● Provided material

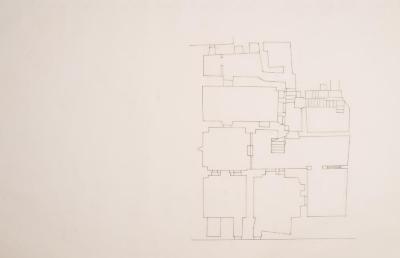 A Plan of a Building Near al-Aqsa Mosque, Jerusalem, the 1990s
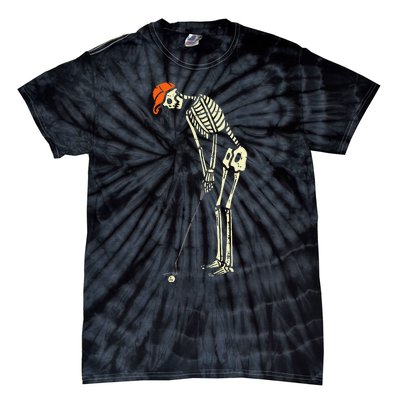 Skeleton Golf Funny Halloween Golfing Sports Tie-Dye T-Shirt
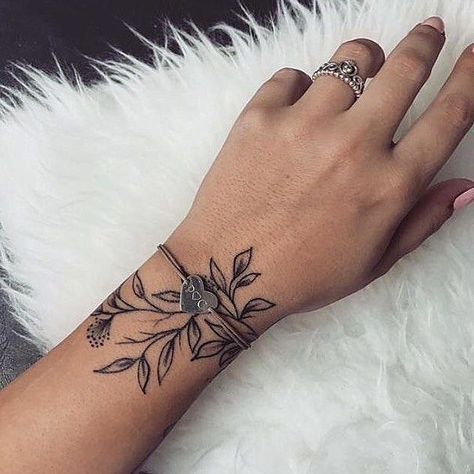tatuaje braț-model brățară frunze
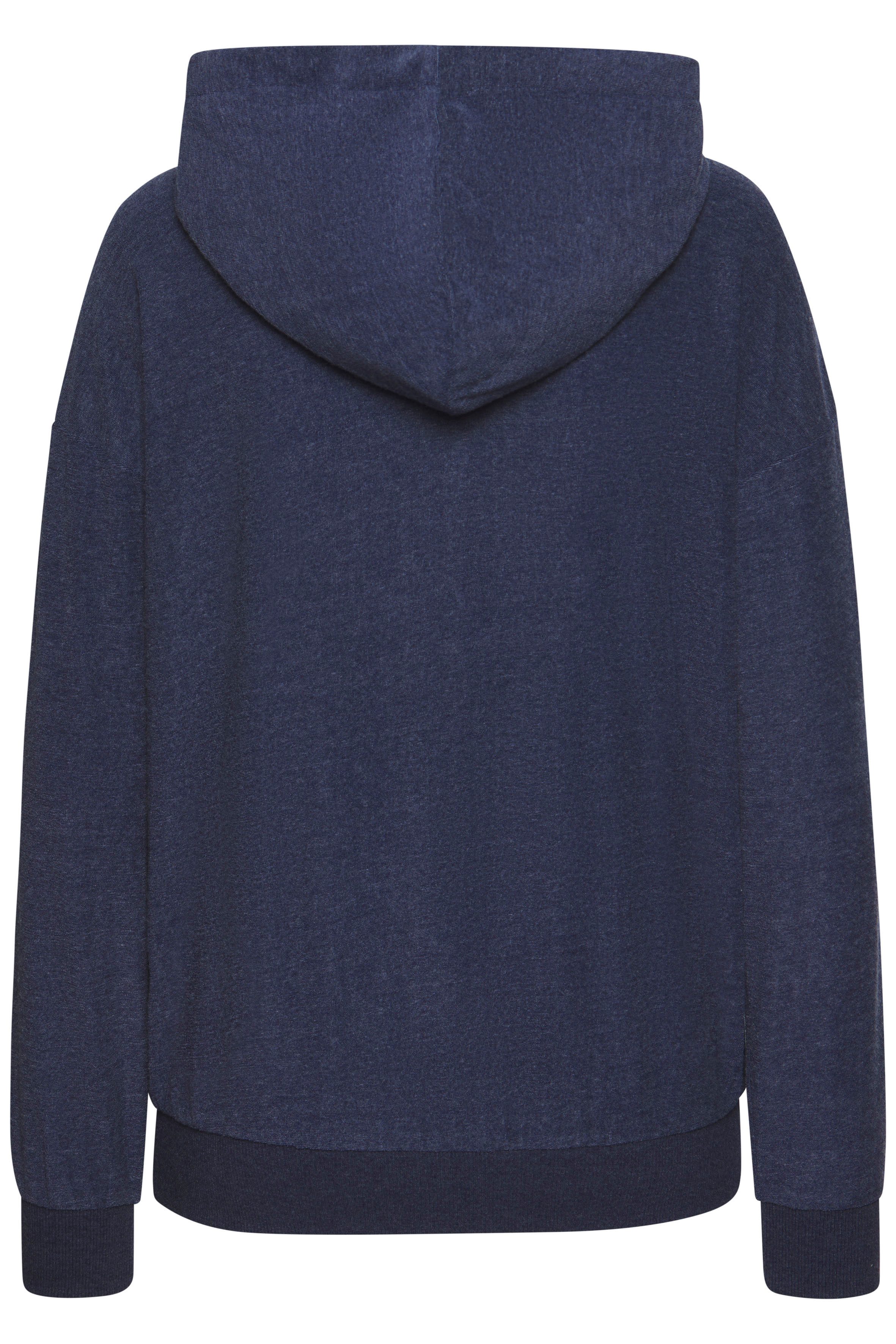 Vivance Sweater Klein logo-borduursel op de voorkant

● What you will do
Return the listing above in an exact copy that leaves out the images.

● Final answer
 A Plan of a Building Near al-Aqsa Mosque, Jerusalem, the 1990s
 Skeleton Golf Funny Halloween Golfing Sports Tie-Dye T-Shirt
tatuaje braț-model brățară frunze
 Vivance Sweater Klein logo-borduursel op de voorkant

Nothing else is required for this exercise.